## ACTION ITEM
Would you transcribe the records below from the line with "Pitch roof project" to the line with "Set de Construcción", ends included, exactly and with nothing more, leaving the pictures out?

## DATA TO USE
○ ○ ○ ○ ○
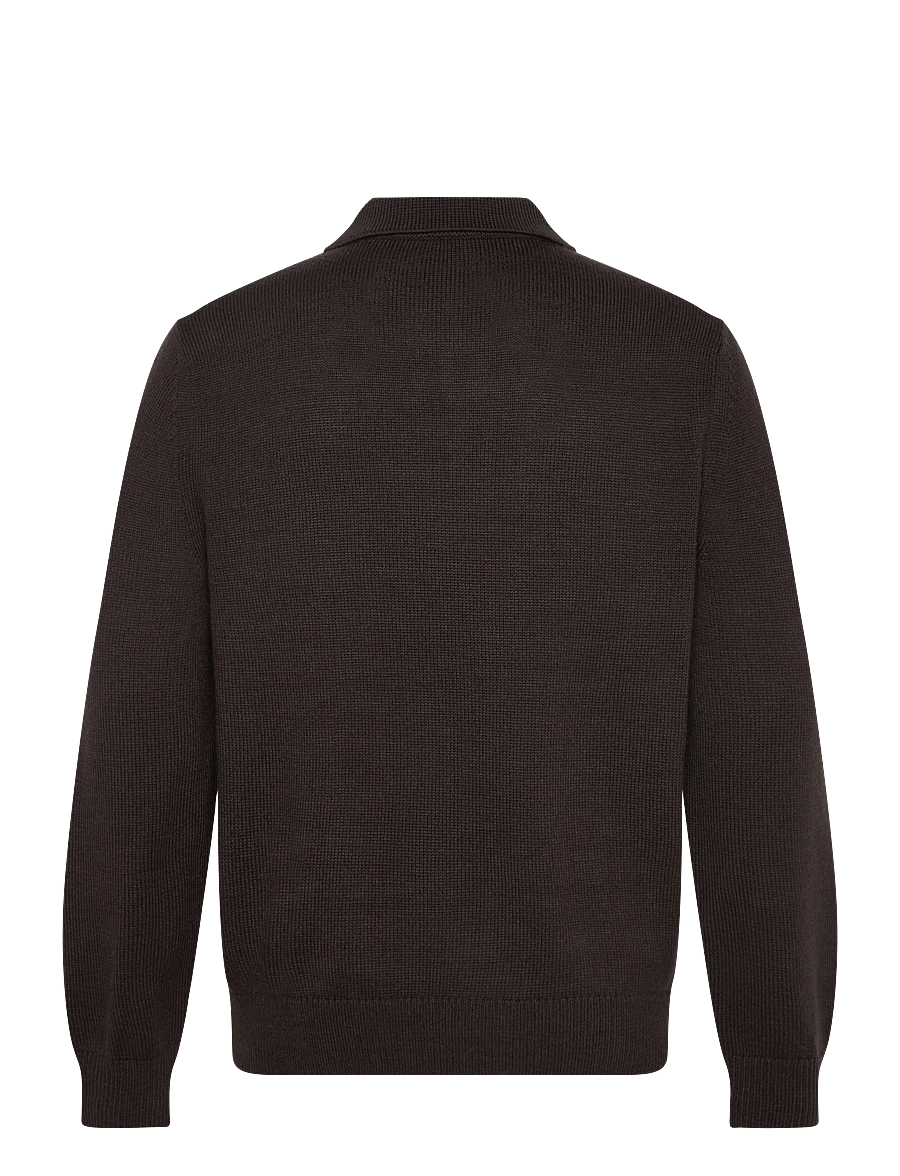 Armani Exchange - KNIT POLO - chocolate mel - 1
○ ○ ○ ○ ○
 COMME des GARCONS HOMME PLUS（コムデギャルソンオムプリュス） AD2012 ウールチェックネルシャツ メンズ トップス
○ ○ ○ ○ ○
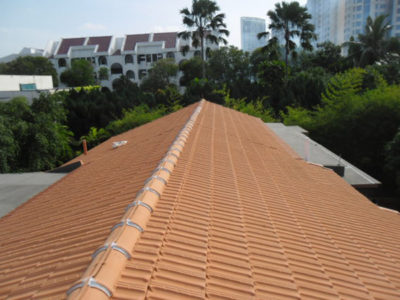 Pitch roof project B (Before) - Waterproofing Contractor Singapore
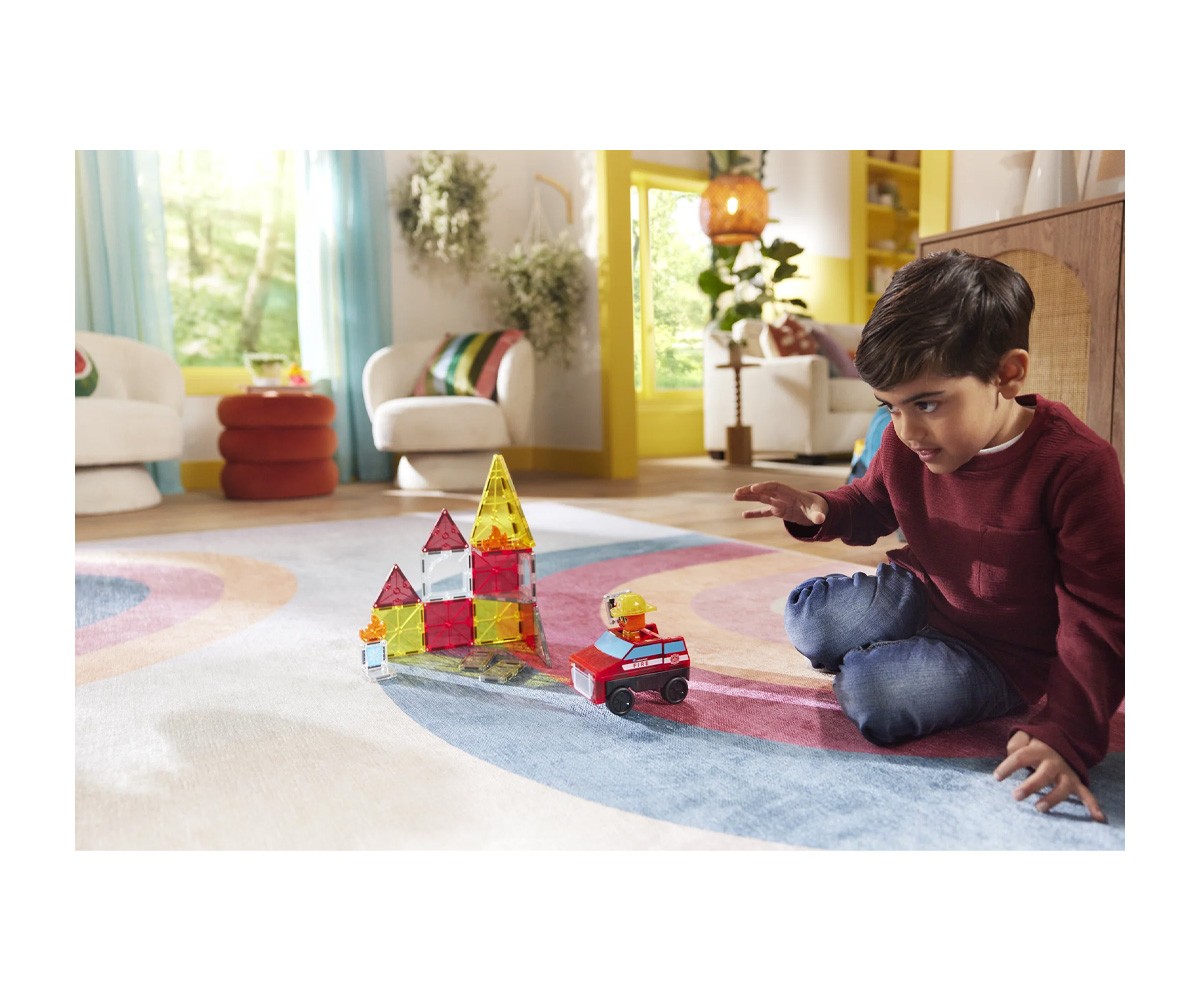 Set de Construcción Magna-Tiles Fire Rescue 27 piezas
○ ○ ○ ○ ○
## ANSWER SPACE
 Pitch roof project B (Before) - Waterproofing Contractor Singapore
 Set de Construcción Magna-Tiles Fire Rescue 27 piezas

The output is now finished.